Cúcuta, una ciudad resiliente pero limitada en su capacidad institucional, tuvo que enfrentar un fenómeno sin precedentes: miles de familias, niños, jóvenes y adolescentes llegaron con hambre, sin documentos y sin escuela. Una crisis humana a gran escala.
Frente a tanta necesidad, es justo reconocer que el municipio no se estuvo del todo preparado. Pero también es justo aplaudir lo que sí se hizo. La institucionalidad; El papel del Concejo Municipal, de la Alcaldía, de la Gobernación y de muchos empresarios fue clave para tender una mano, para abrir comedores, brindar becas y crear espacios de atención. No solucionaron todo, pero hicieron mucho. Y eso no se olvida. Mientras que el Gobierno Nacional no estuvo a la altura para enfrentar esta crisis humanitaria. Norte de Santander quedó relegado a una segunda o tercera prioridad.

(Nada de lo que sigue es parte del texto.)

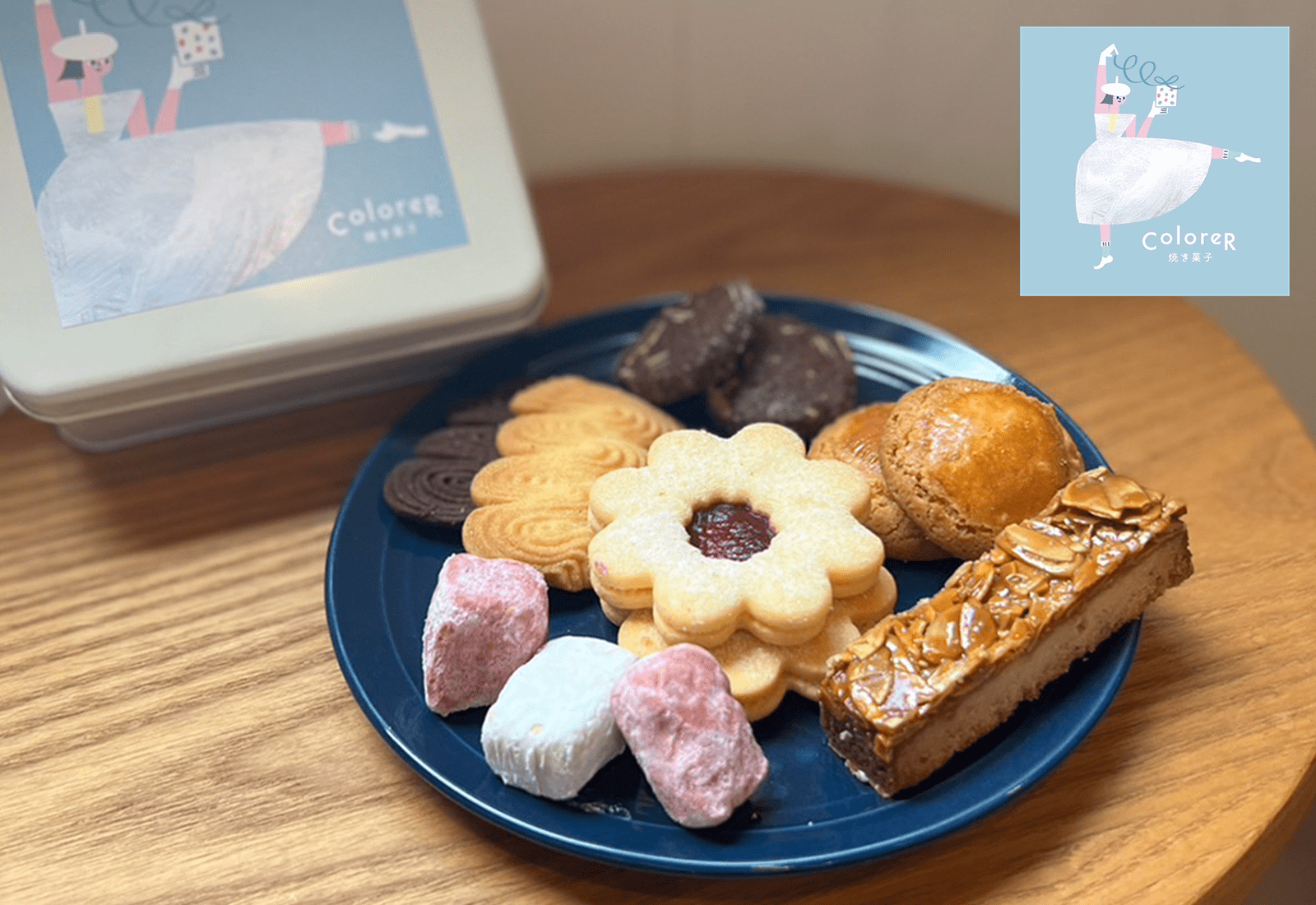 焼菓子クロレ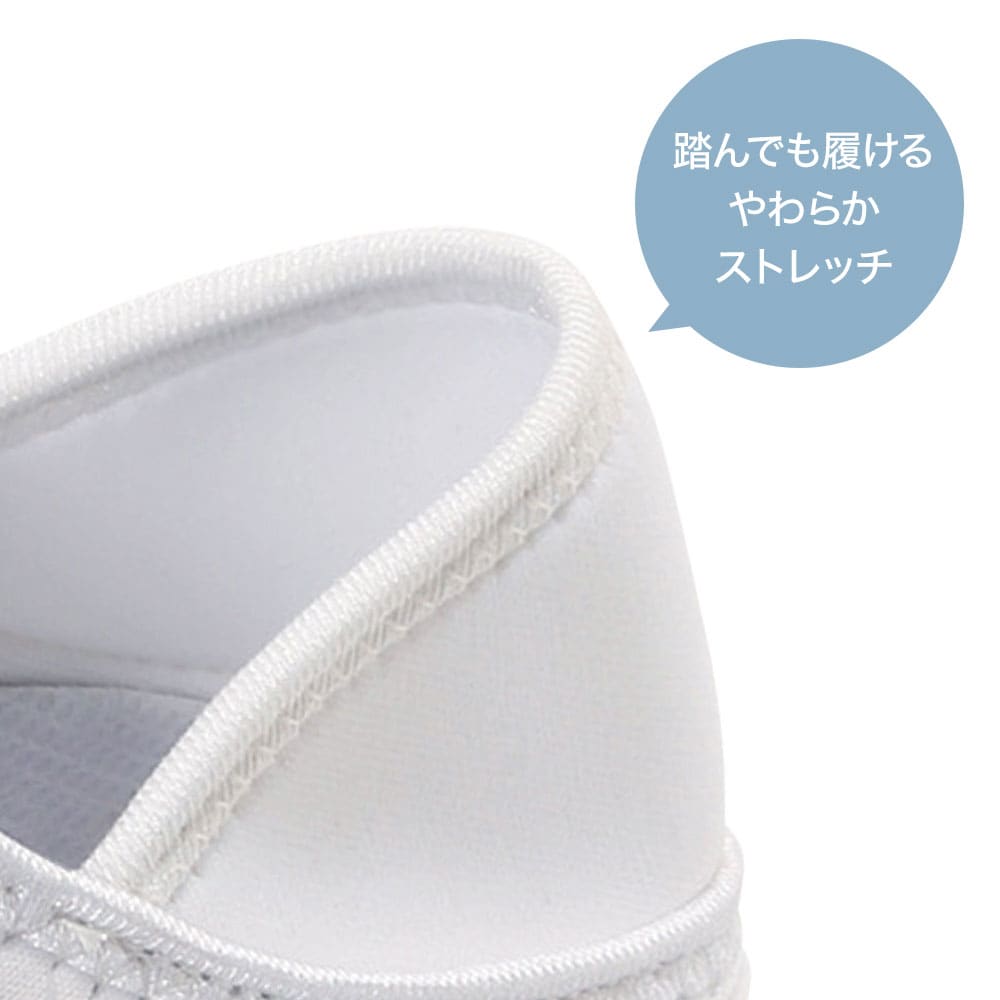 踏んでも履ける、やわらかストレッチ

Hoy, decenas de familias regresan a sus tierras. Algunos celebran la noticia, y es justo hacerlo. Pero otros regresan al mismo abandono. Porque sin inversión social, sin educación de calidad y sin infraestructura, el retorno no es una solución: es solo el reinicio de un ciclo de pobreza y olvido.

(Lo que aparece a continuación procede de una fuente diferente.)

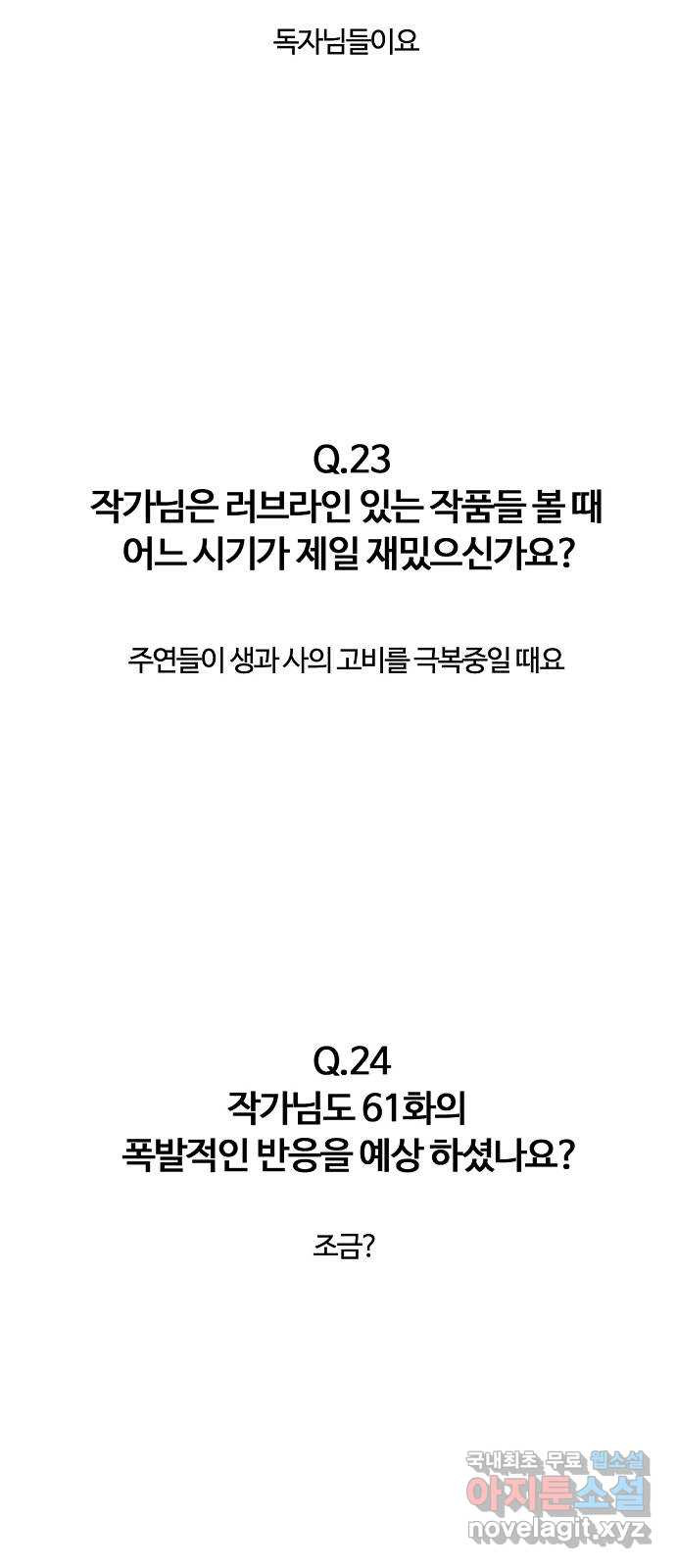 랑데뷰 1부 후기 - 웹툰 이미지 27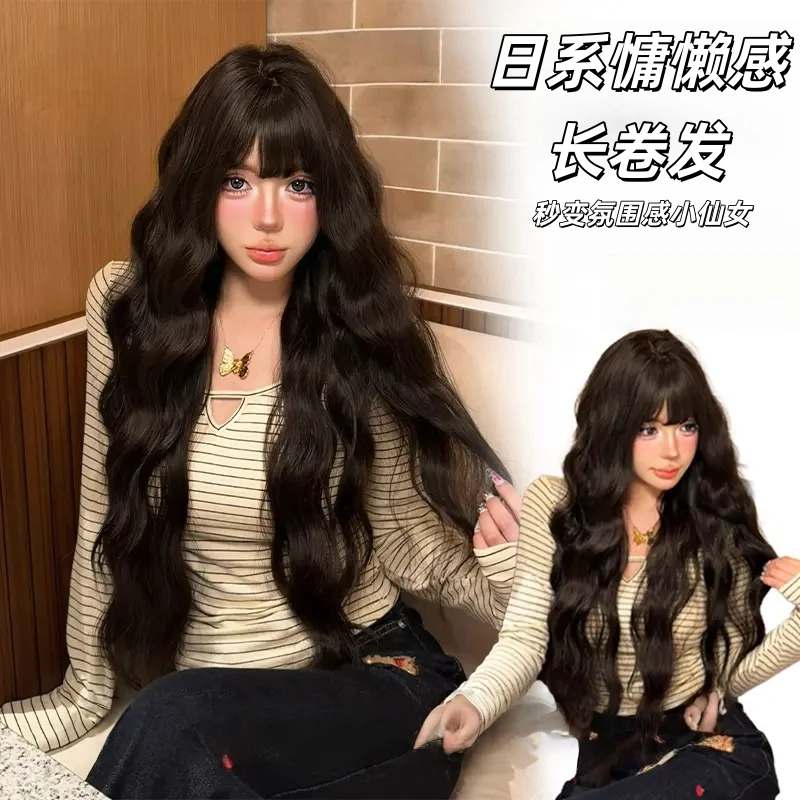 羊毛卷假发女长发秋冬氛围感黑色水波纹长卷发慵懒蛋蛋卷全头套式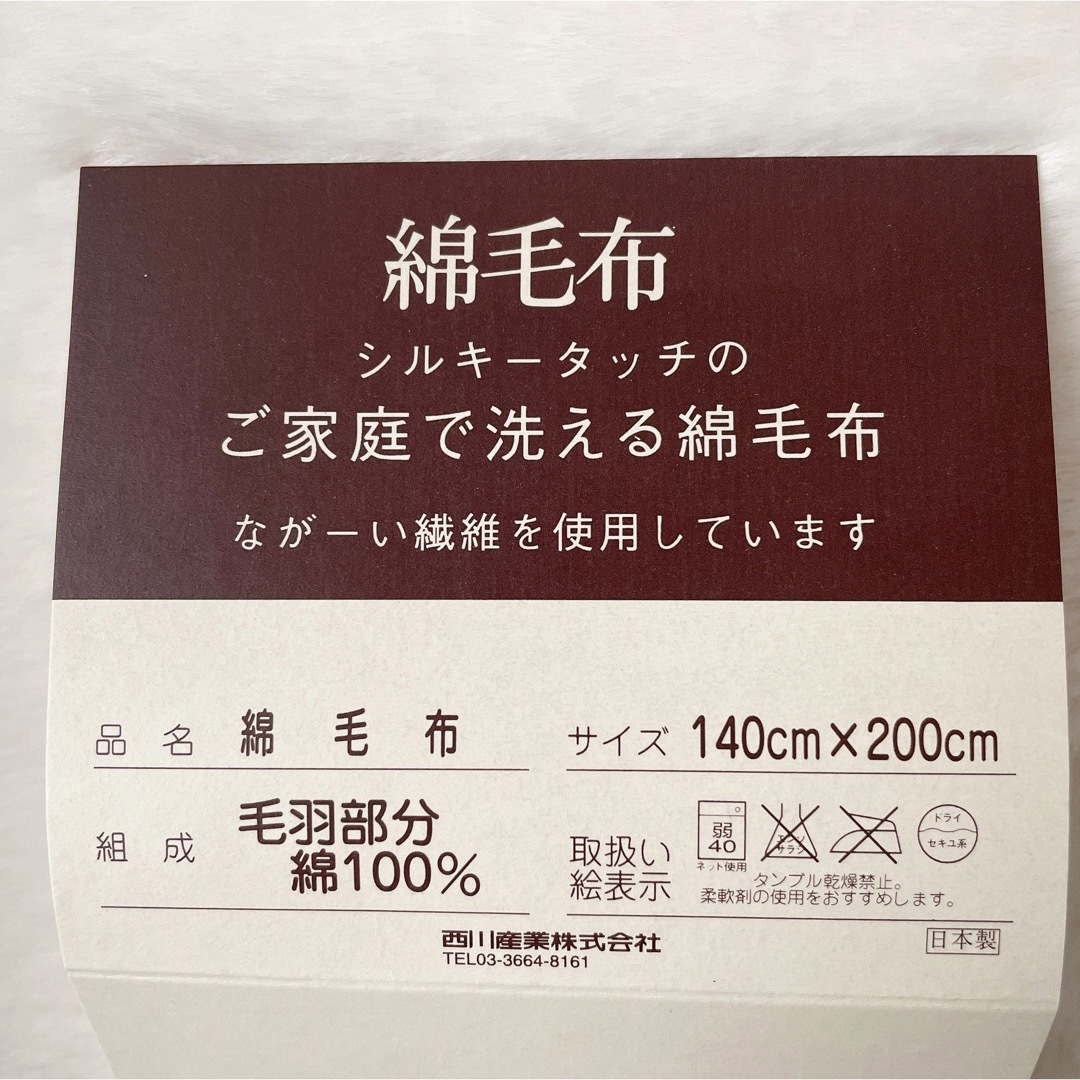 CELINE 新品・未使用　セリーヌ　マカダム柄　綿毛布　日本製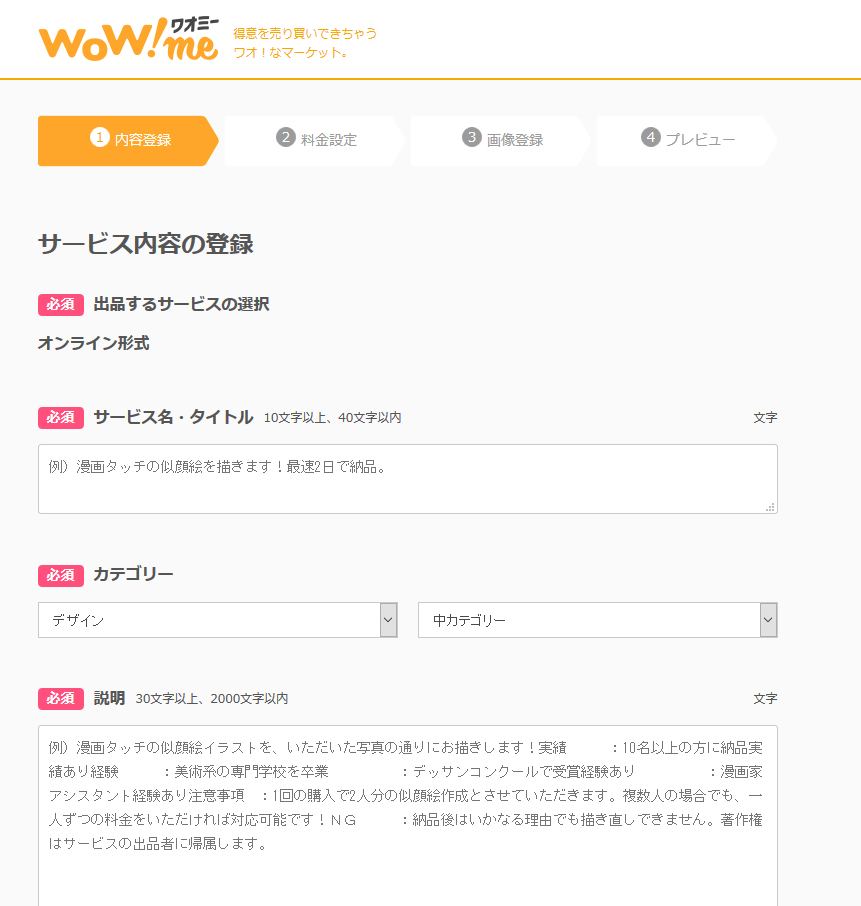 sblog20161106h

Además, muchos jóvenes que cursan grado 11 y sin saber si podrán estudiar en la universidad o vivirán en el que hacer del día a día, es decir, de la informalidad; es difícil que el Derecho a la Educación en Colombia se garantice. No porque no quieran estudiar, no porque no tengan talento, sino porque no hay con qué. Porque el país les dio la espalda en el momento más crucial. Sin embargo, en medio de ese panorama sombrío, hay una luz que no se apaga: la esperanza. Esa esperanza se alimenta de personas que creen, que apoyan y que extienden la mano cuando más se necesita.
Yo soy uno de esos jóvenes. No nací en cuna de oro, no crecí con oportunidades. Pero tuve la bendición de Dios de encontrarme con docentes y personas que vieron más allá de mis carencias. Personas que, en vez de juzgarme, me escucharon. Que, en vez de cerrarme puertas, me las abrieron. Y por eso escribo esto: porque si yo pude, otros también pueden. No los dejen solos. Apóyenlos. Muchos de ellos solo necesitan un empujón para cambiar su destino, para convertirse en profesionales que impacten esta sociedad.
Ahora bien, hoy quiero rendir homenaje a dos figuras emblemáticas del derecho en nuestra región: (i) el Dr. Fabio Peñaranda, maestro del derecho civil, excontralor, magistrado y catedrático de la Universidad Libre, recordado por su sabiduría y calidad humana; y (ii) el Dr. Guillermo Tapias, apasionado por el derecho público y constitucional, quien desde su rol como docente y líder político dejó una huella profunda. Ambos formaron generaciones con rigor, empatía y compromiso. El doctor Tapias, además, se destacó por llevar el conocimiento jurídico a la ciudadanía a través de los medios, acompañado siempre de sus estudiantes. Aunque muchos jóvenes de hoy no los conocieron, su legado sigue vivo en cada profesional que inspira justicia, ética y vocación de servicio. Palabras expresadas por Henry Rincón, estudiante y ahora profesional en Derecho y por el Dr. Jesús Parada catedrático de la Universidad Libre.
Reflexión: La educación es más que un derecho: es el puente entre la esperanza y la transformación. En cada aula se cultivan los sueños de quienes, como yo, hemos encontrado en ella una segunda oportunidad.